Today my son’s kindergarten class is hosting a virtual Wacky Wednesday. He decided to wear his Macon Bacon t-shirt because a piece of bacon playing baseball is pretty wacky. The Macon Bacon is part of the Coastal Plain League, an amateur baseball league comprised of college baseball players from schools like Georgia College and Eastern Kentucky. Last August, in the slow heat of the Georgia Piedmont, our family went to a match-up between the Macon Bacon and the Savannah Bananas. There was no breeze blowing through historic Luther Williams Field. The ball field was built in 1929, and has seemingly stood still in time for the last 90 years.
The game was a highlight of our summer. On a Friday afternoon, we drove down to my hometown and met my mom. We dined on Macon’s famous Nu-Way Wieners. At the ball field, my son excitedly sought out Kevin, the team’s half person, half bacon mascot, to take a picture with him. The baseball wasn’t very good, and I don’t remember who won, but that wasn’t the point.
That time seems so far away on this Wacky Wednesday. Now every day feels like we’re living Wacky Wednesday. Last week, Anne and I heard from one of our partners, “If you would have told me a month ago that I would be talking about where to get toilet paper on a work call I would have thought you were crazy.” We are all pretty shocked that our lives have shifted so dramatically, from supply scarcity, to virtual everything, distance learning, grocery delivery, job losses, and grief.
It all feels pretty wacky.
What I loved so much about the Macon Bacon game was being in community with people I loved and people I didn’t even know, the connection to my hometown, and introducing my son to a part of my history. We all still want those things today. Our brains are struggling to make sense of the rapid changes happening all around us. We struggle through the bewilderment of how to maintain and find that authentic, deep connection to family, friends, and colleagues during the pandemic.

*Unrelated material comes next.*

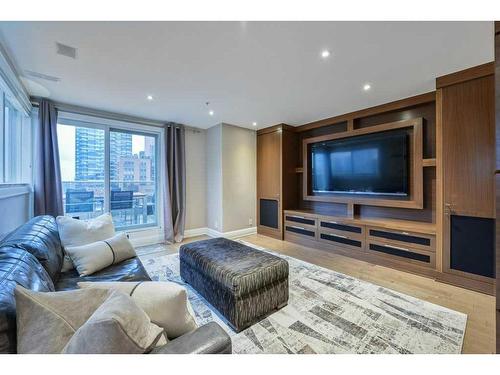 2102-683 10 Street Sw, Calgary, AB - Indoor Photo Showing Living Room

The team at SEEA and I have consciously slowed down our work and our pace of activity. We believe now is a time to reach out to our partners and observe what the real needs are in this new era before we move into action. Yesterday, Cyrus and I were on a video call with another close partner and he started out by saying, “Well I am not sure why we are talking today.” My response was that we care about him and just wanted to see how he was doing. I could instantly see a sense of relief come over him. He appreciated that we simply wanted to know how he and his family are doing. We got around to talking about work later in the call. When we approach opportunities for connection with vulnerability and curiosity, we experience deeper, and more meaningful relationships.
Our conversations with partners and stakeholders over the last 10 days have given us some glimpses of the needs and strategies. We find a consistent concern about the burden of energy bills for the waves of workers laid off from the restaurant, retail, and many other impacted industries. We also hear a theme that we both want to respect the real suffering of this time while also not missing the opportunity to build back better.
We want to connect with you. We want to hear your thoughts, reflections, concerns, and ideas. We are better and stronger together.